YOUR ASSIGNMENT – Nothing but the lines below from the one containing "A Chinese blue" through the one containing "wedding reception groomsmen" should appear in the answer, exact and without pictures.

(Short web captions)
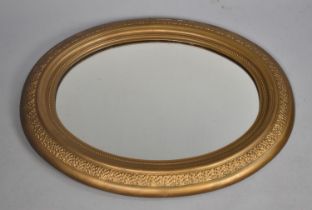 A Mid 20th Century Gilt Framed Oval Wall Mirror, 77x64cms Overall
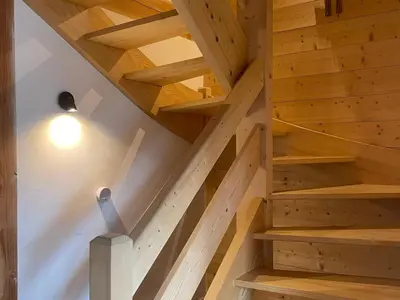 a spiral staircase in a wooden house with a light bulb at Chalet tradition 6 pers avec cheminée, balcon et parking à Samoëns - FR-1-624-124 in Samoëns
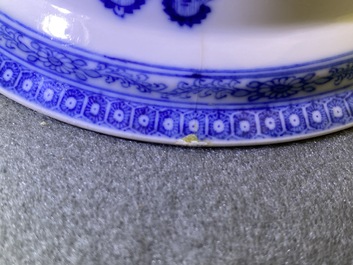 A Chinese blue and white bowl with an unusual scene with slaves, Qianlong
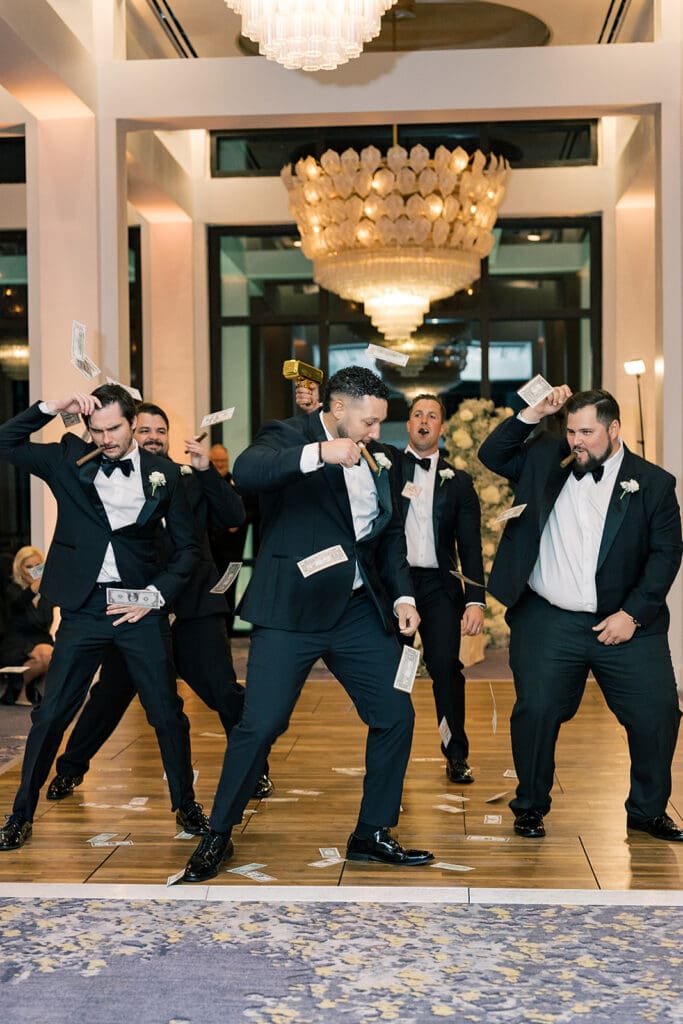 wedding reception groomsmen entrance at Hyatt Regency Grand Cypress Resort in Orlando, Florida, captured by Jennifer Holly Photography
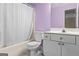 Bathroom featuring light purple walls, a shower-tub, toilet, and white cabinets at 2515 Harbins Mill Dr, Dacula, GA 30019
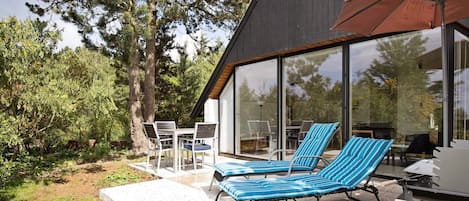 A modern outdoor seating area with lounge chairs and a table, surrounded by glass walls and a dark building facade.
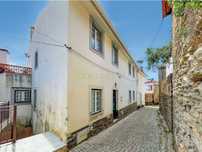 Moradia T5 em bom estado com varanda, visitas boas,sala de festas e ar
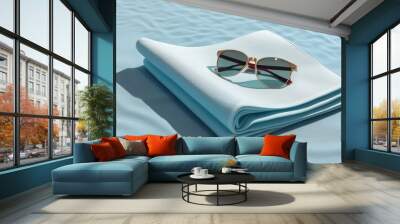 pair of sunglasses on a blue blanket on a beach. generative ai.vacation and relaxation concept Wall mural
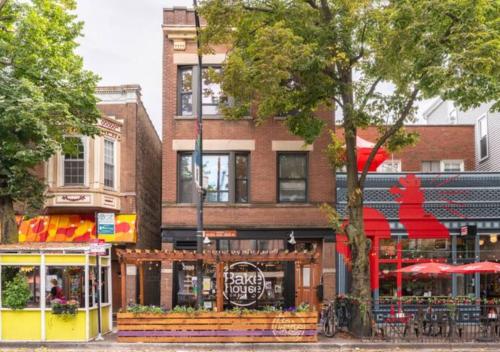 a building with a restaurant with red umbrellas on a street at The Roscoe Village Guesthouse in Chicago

ANSWER SECTION –
 A Chinese blue and white bowl with an unusual scene with slaves, Qianlong
 wedding reception groomsmen entrance at Hyatt Regency Grand Cypress Resort in Orlando, Florida, captured by Jennifer Holly Photography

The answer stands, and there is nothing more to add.